THE WONDERS OF LOCAL CUISINE, Introduction

Audio File length: 2.25
English / USA Language: English / USA

Hi, my name’s Scott, and I’m your personal guide. Along with MyWoWo, I’d like to welcome you to the wonderful flavors of Assisi.

Umbrian cooking is based mainly on meat, local produce and home-made pasta.

The most common starter is a sample of the delicious Umbrian salamis and cold cuts, such as Capocollo, from the back of the pig, prosciutto from Norcia, or Ventresca, a local type of pancetta, or bacon. These are accompanied by cheeses such as Pecorino, made with sheep’s milk, or Caciotta.

Another starter you’ll be sure to find is Bruschetta: a slice of toasted bread rubbed with garlic and olive oil, and Crostino, which is also toasted bread, topped with chicken livers.

The most typical of the numerous first courses include dishes made with home-made pasta, such as Umbricelli and Stringozzi.

Umbricelli are a type of thick spaghetti, usually served with a sauce made with tomatoes, bacon, garlic, onion and marjoram. The name derives from the local dialect word for worms.

Stringozzi, which comes from the Italian word for shoelaces, is a longer, thinner type of pasta, and you’ll probably find it served with black truffles from nearby Norcia, or white truffles from the Tiber Valley. Truffles are widely featured in Umbrian cuisine, and I strongly recommend you try them.

You’ll also find home-made pasta served with ragout of beef, hare, wild boar or, more rarely, goose.

The most typical main courses in Assisi are Agnello allo scottadito, a grilled lamb cutlet, and Piccione alla ghiotta: pigeon cooked on a spit and served with a sauce made from the juices that runs off the bird while cooking and the chopped entrails.

You might also like to try roast goose or whole roast suckling pig. Pork cooked on a spit and filled with entrails and herbs is called Porchetta, and is sliced and served cold.

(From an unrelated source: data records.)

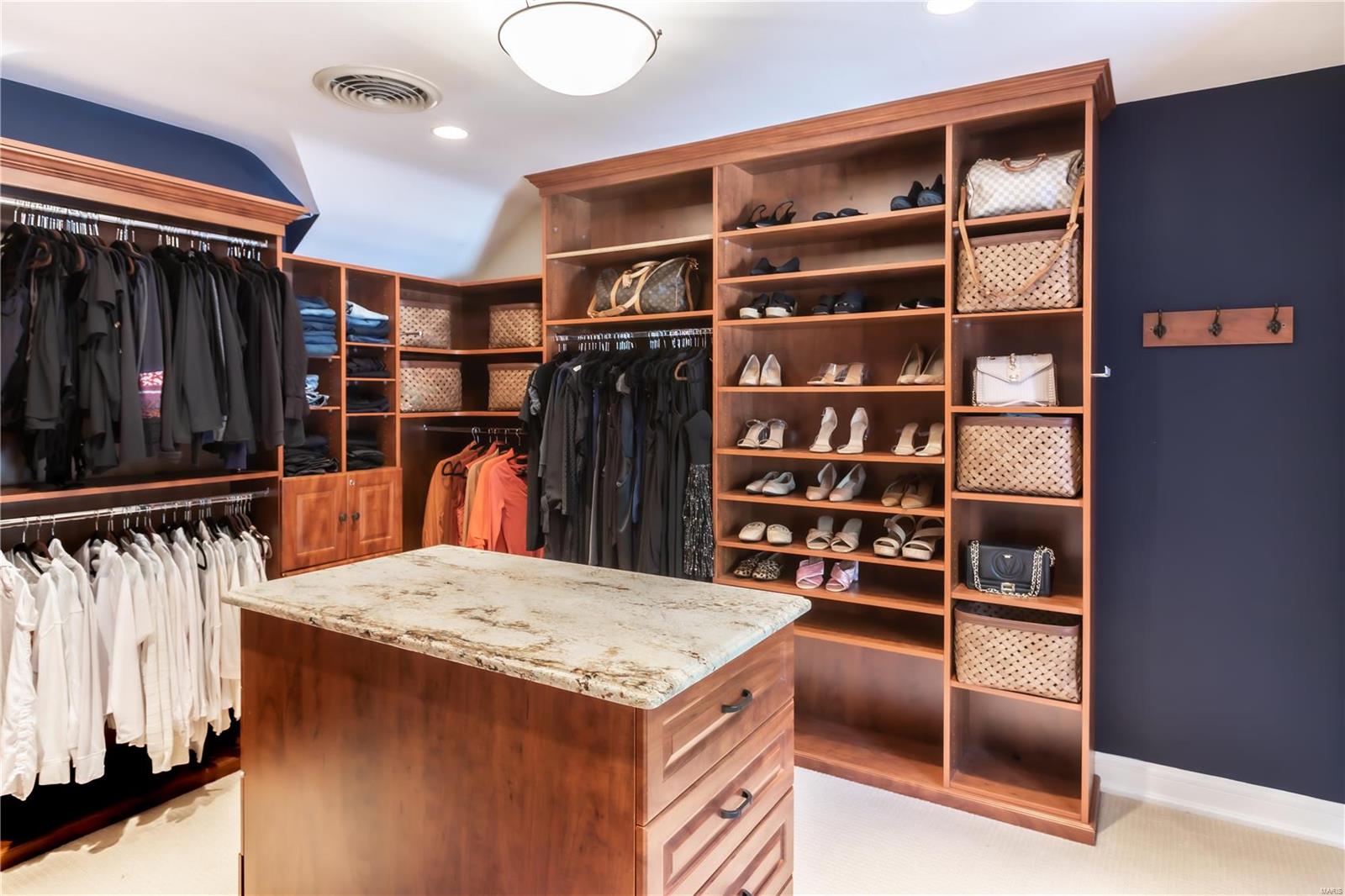 13 Countryside Lane St. Louis, MO 63131 - Photo 32 of 42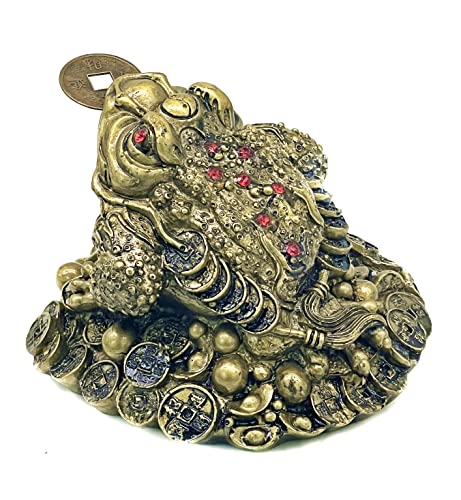 Bellaa Feng Shui Money Frog, 4 inch, Lucky Money Toad Decorations, Ideal for Attracting Wealth, Three Legged Frog Statue Figurine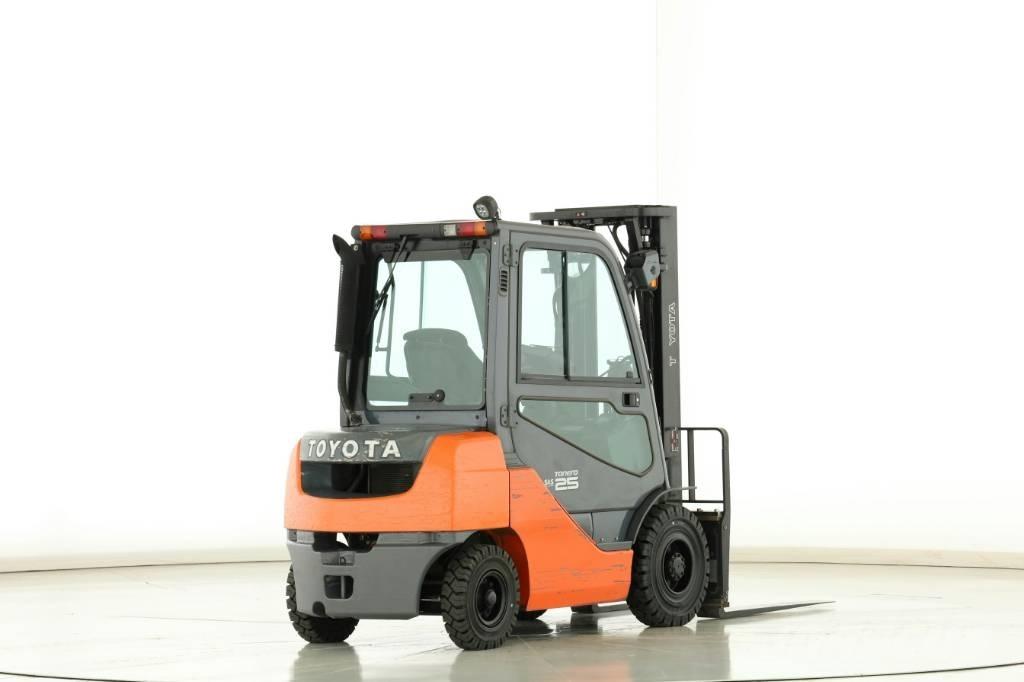 Toyota 02-8 FDF 25 شاحنات الديزل
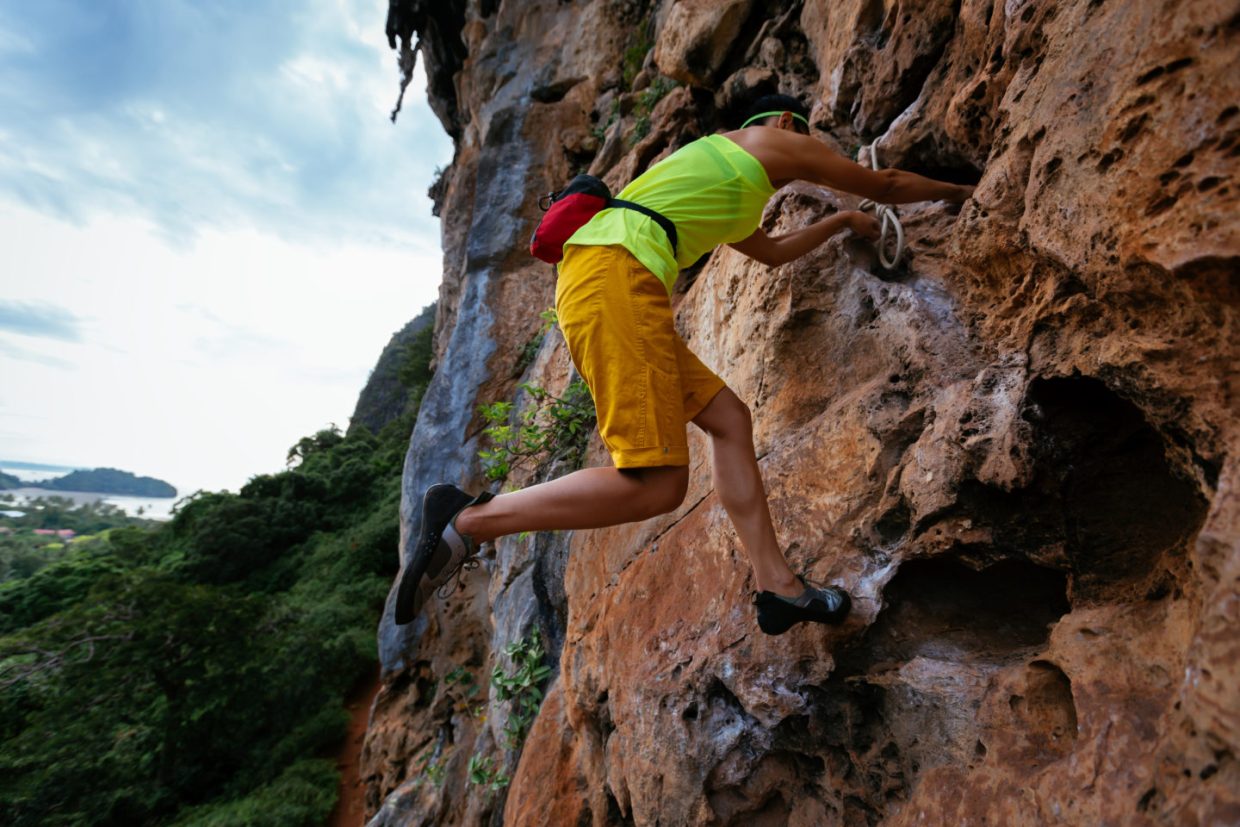 woman-rock-climber-e1695732085324.jpg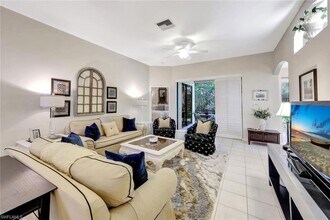 12804 Maiden Cane Ln in Bonita Springs, FL - Foto de edificio - Building Photo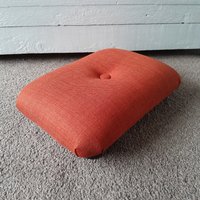 Kleiner Orange Kleiner Hocker Unter Schreibtisch Fürs Büro/Polsterfußhocker 9-10 cm Höhe Handgefertigter Fußhocker Fußablage von FootstooLand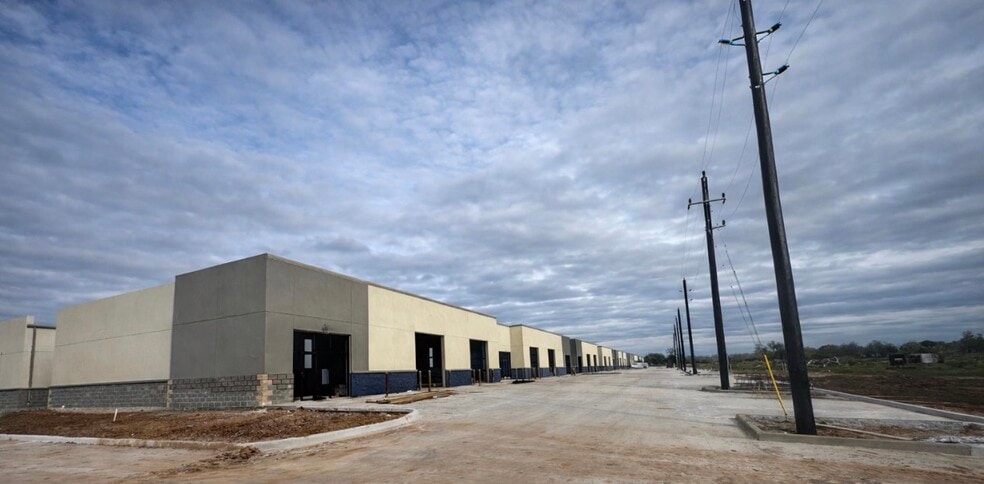 Primary Photo Of 1006 FM 359 Rd, Richmond Unknown For Lease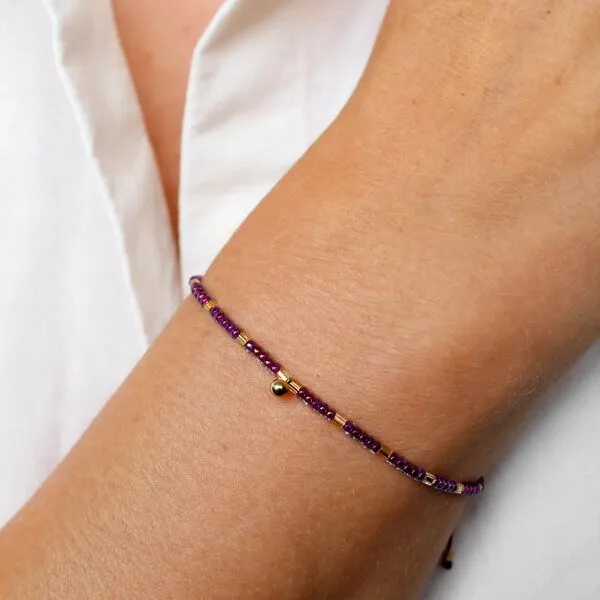 juni juni Lila Perlenarmband "Miss Purple" mit Goldkugel Anhänger aus recyceltem Gold – Produktbild 2 von 4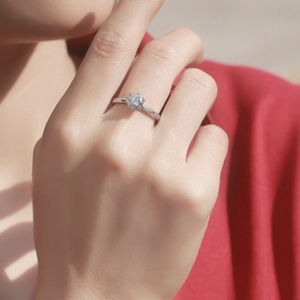 Anello Classico a Sei Punte per Donne, Elegante Gioiello da Indice alla Moda - Product Image 2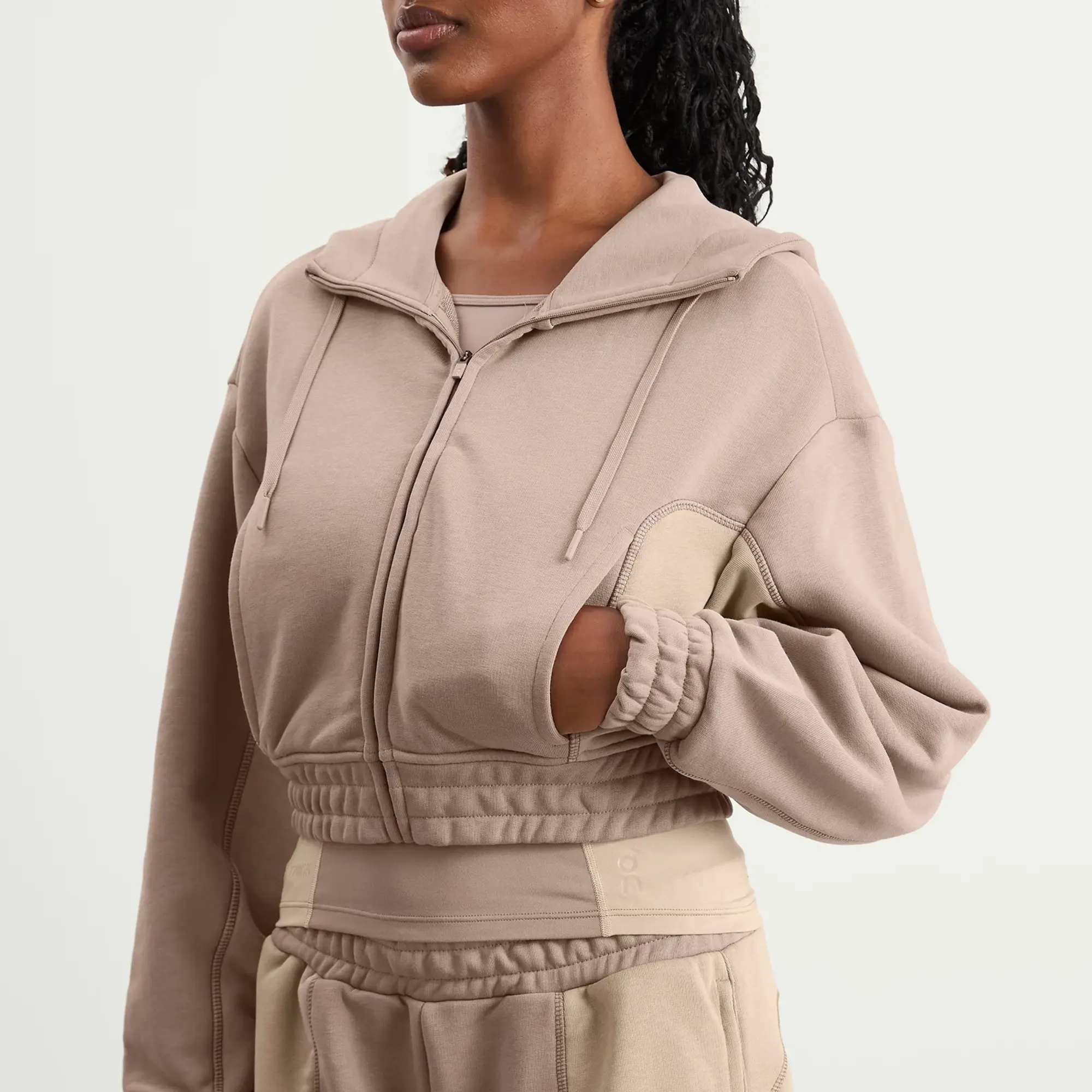 ON Women's x FKA Twigs Club Cropped Hoodie Cinder/Desert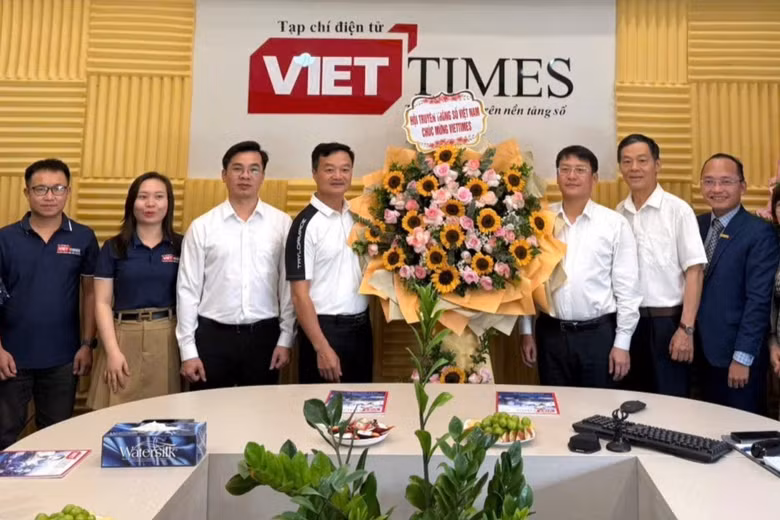Hội Truyền thông số Việt Nam thăm, chúc mừng Tạp chí điện tử VietTimes nhân ngày 21/6. Ảnh: Hoàng Dung.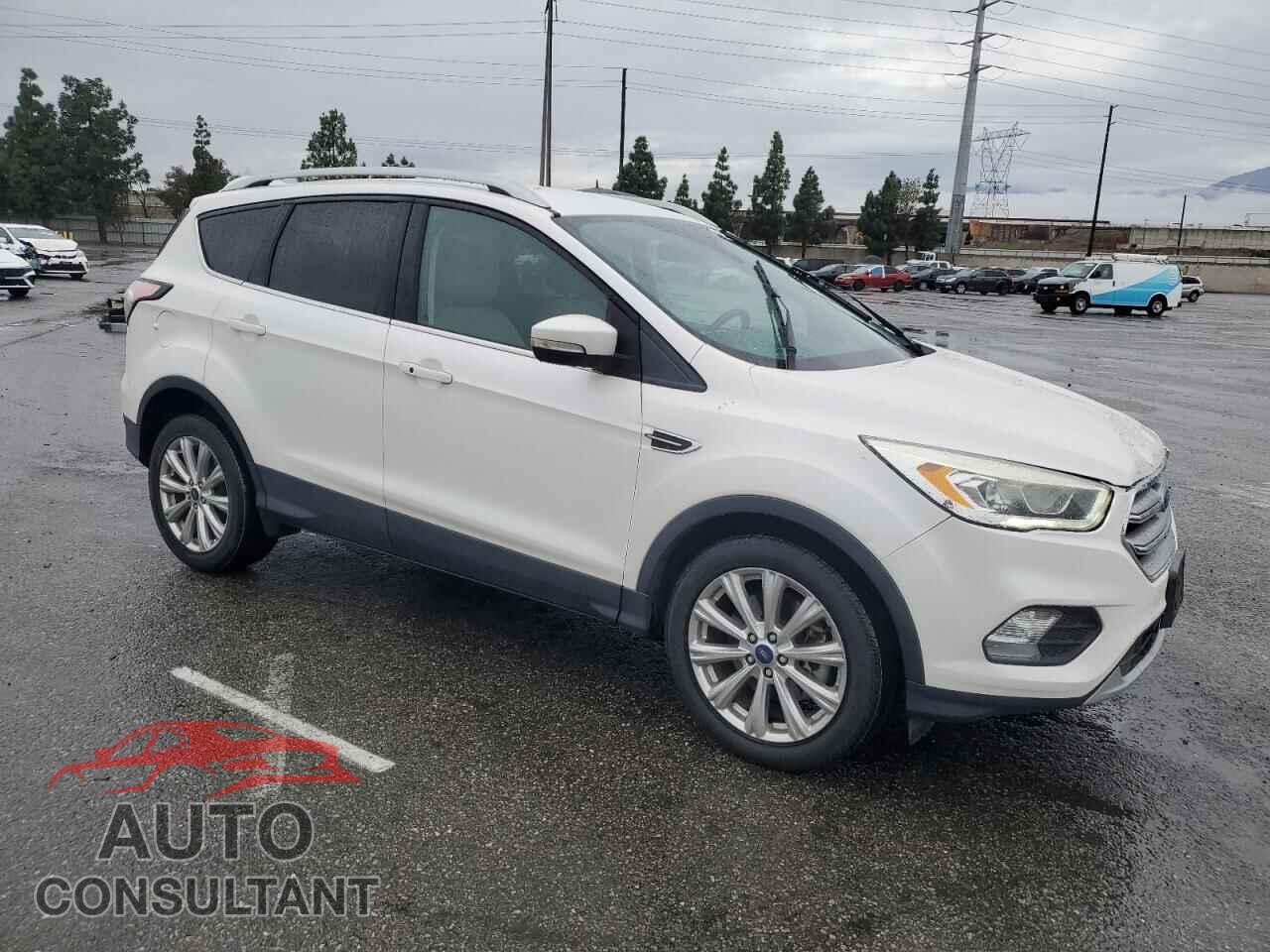 FORD ESCAPE 2017 - 1FMCU0J95HUD77115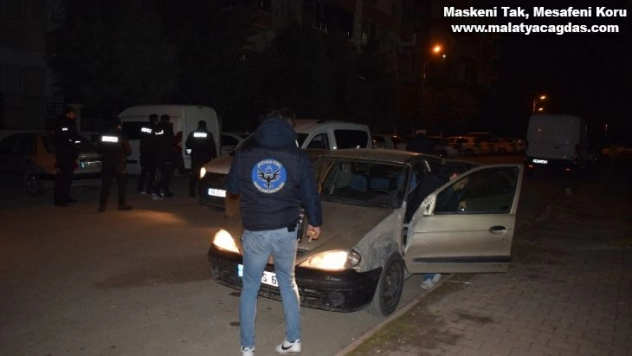 Polisin dur ihtarına uymayan sürücü otomobili bırakıp kaçtı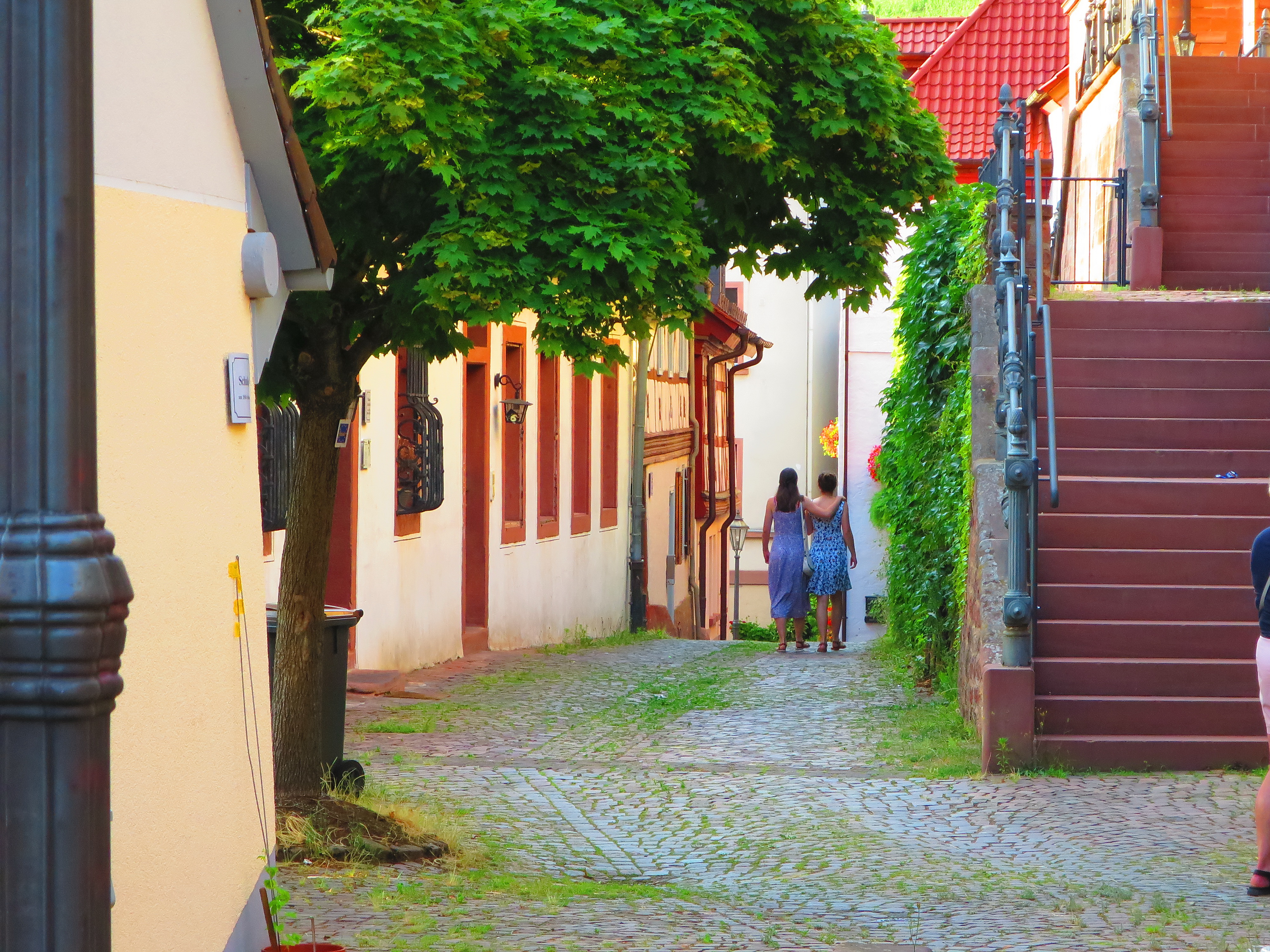Die Kirchenstraße mit Eingang zum alten Rentamt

The most typical dessert of Assisi is Rocciata di Assisi: a sort of strudel, filled with dried fruit and nuts, oil and vin santo dessert wine and baked in the oven.

 

An interesting fact: Amaro Francescano, the famous liqueur of Assisi, was given this name because it is extracted from herbs using an ancient method handed down by friars of the Franciscan Order.

 

What else can I say but… Buon appetito!